Stored records
##############################

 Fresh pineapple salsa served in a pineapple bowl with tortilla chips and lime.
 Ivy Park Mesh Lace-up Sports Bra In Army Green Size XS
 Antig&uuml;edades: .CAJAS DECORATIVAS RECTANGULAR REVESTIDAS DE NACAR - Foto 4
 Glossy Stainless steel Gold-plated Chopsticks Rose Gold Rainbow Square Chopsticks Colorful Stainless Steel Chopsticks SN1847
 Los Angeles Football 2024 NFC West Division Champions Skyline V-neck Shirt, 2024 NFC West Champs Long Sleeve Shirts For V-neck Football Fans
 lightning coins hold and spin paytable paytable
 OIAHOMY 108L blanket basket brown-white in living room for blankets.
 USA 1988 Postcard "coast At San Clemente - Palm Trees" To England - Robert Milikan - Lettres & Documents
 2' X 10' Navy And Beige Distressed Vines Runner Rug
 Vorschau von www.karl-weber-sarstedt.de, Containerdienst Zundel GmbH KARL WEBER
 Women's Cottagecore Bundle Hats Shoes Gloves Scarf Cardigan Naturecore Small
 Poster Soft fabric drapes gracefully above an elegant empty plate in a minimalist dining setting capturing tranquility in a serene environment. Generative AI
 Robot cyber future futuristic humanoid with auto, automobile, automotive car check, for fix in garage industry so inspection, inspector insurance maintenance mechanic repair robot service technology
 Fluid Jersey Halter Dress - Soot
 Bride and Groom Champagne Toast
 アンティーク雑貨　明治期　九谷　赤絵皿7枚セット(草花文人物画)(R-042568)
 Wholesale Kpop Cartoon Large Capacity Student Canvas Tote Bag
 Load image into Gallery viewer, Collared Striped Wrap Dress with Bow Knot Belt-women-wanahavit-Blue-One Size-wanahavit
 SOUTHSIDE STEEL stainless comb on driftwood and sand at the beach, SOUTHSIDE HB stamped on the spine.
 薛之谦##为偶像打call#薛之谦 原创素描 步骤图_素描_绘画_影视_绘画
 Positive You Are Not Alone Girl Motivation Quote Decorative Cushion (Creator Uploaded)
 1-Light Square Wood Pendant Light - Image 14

##############################

## Your objective
Your task is to copy every line of the entries that contains the string "Dress".

## Response area
 Fluid Jersey Halter Dress - Soot
 Load image into Gallery viewer, Collared Striped Wrap Dress with Bow Knot Belt-women-wanahavit-Blue-One Size-wanahavit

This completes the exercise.